If the ineffective driving flag is not 1 at step S401, the process is ended. If the ineffective driving flag FK is 1, the driving stop interval Tint is read in at step S402. The driving stop interval Tint to be read in is the one which is calculated at the first ineffective driving. Then, the ineffective driving period Tq predetermined at S403 is read in, and the pulse (driving period Tq and driving stop interval Tint) for the ineffective driving is output at S404. As a result, the ineffective driving according to this process is effected after the set driving stop interval Tint elapses from the first ineffective driving at timing t21 in Fig. 10, thus ending this process.
The ineffective driving control process in the off interrupt routine of Fig. 6 is repeated each time the energization of the electromagnetic valve 1a is turned off.
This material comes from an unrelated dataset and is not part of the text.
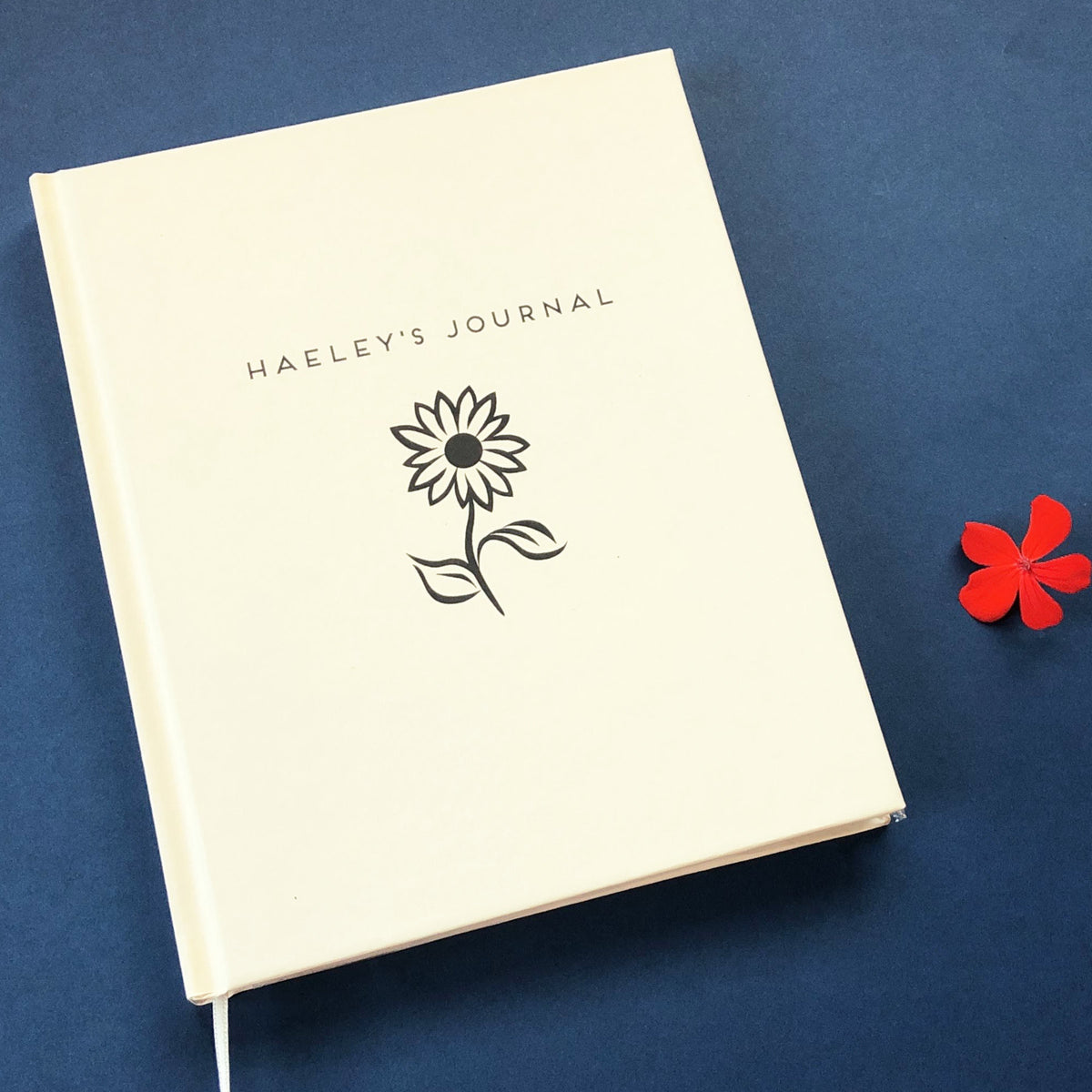 A personalized name journal with a white cover entitled "Haeley's Journal" with a flower graphic on a navy blue background.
The ineffective driving is effected repeatedly with the set driving period Tq and the driving stop interval Tint until it is determined at S401 that the ineffective driving flag FK is changed to 0 (until timing t4 in Fig. 10). At this time, the ineffective driving control process in the angle-synchronized routine shown in Fig. 5 is executed at timing t31 in Fig. 10.
However, it is determined at S301 that FKold is changed to 1, and it is determined that the ineffective driving control process is being continued. Thus, the ineffective driving according to this process is not effected. The first ineffective driving is executed by the angle-synchronized routine and the subsequent ineffective driving is executed by the energization-off interrupt routine, so that unexpectedly large amount of fuel is prevented from being injected when the previous fuel injection and the first ineffective driving occur at too close timings.
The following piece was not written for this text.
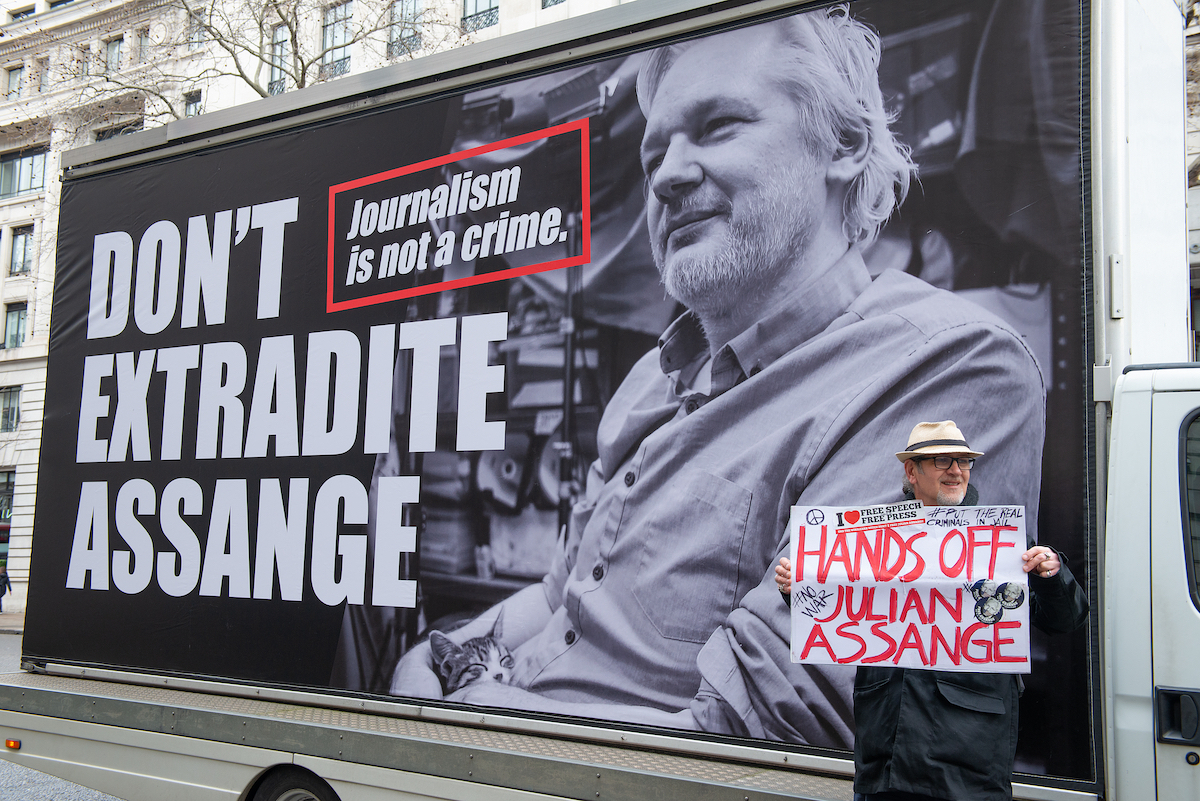 A protester standing in front of a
Thus, according to the present embodiment, the driving stop interval Tint in the ineffective driving is variably set in response to the engine coolant temperature THW from time to time. As a result, as shown in Fig. 10, the cycle period of the ineffective driving is set shorter under the low temperature condition when the thermal load is still acceptable than under the high temperature condition. Therefore, the ineffective driving is effected at the most optimum cycle period of the ineffective driving in response to the temperature condition, and the pressure reducing performance is maximized.
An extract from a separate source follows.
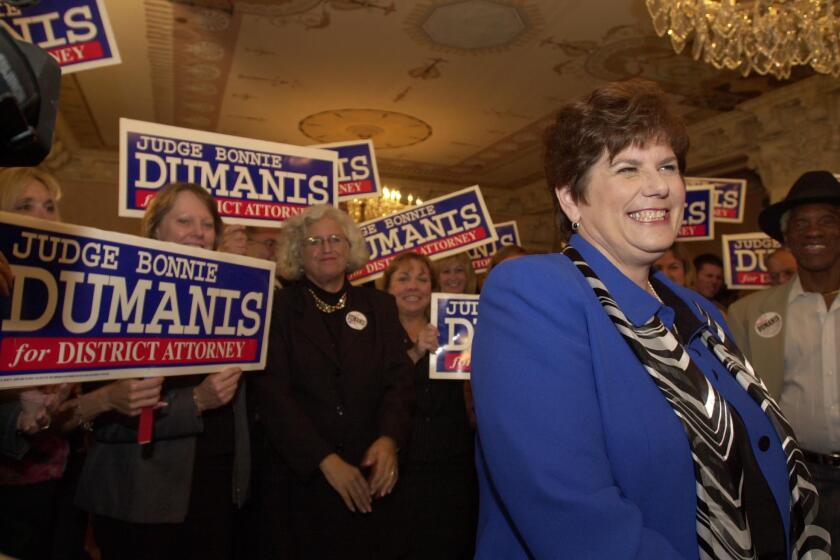  Judge Bonnie Dumanis is all grins with her supporters in her 2002 election night headquarters at the US Grant Hotel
The leak fuel leaking from the flow passage 83 in the injector 1 to the flow passage 53 in Fig. 1 influences the pressure reducing performance. The leak fuel decreases under the low temperature condition because the viscosity of fuel increases. Therefore, the pressure reducing performance is lessened in correspondence with the amount of the leak fuel if the ineffective driving is effected irrespective of the temperature condition as in the conventional system. However, according to the present embodiment, the pressure of fuel is reduced quickly by shortening the cycle period of the ineffective driving as the temperature decreases thereby increasing the number of the ineffective driving per unit time. As a result, as shown in Fig. 10, the actual common rail pressure PC is reduced to the target common rail pressure PF within the substantially the same period as in the high temperature condition. This is advantageous in that the pressure reducing performance is ensured stably.

(Second Embodiment)

Figs. 11 to 15 show a second embodiment of the present invention. In the above first embodiment, the ineffective driving period Tq is fixed and the driving stop interval Tint is varied in response to the engine coolant temperature THW. In the second embodiment, the ineffective driving period Tq is varied in response to the common rail pressure PC and the driving stop interval Tint is varied in response to the engine coolant temperature THW. The basic construction and operation of the fuel injection system are the same as the first embodiment. Therefore, only the part for setting the ineffective driving period Tq and the driving stop interval Tint are shown.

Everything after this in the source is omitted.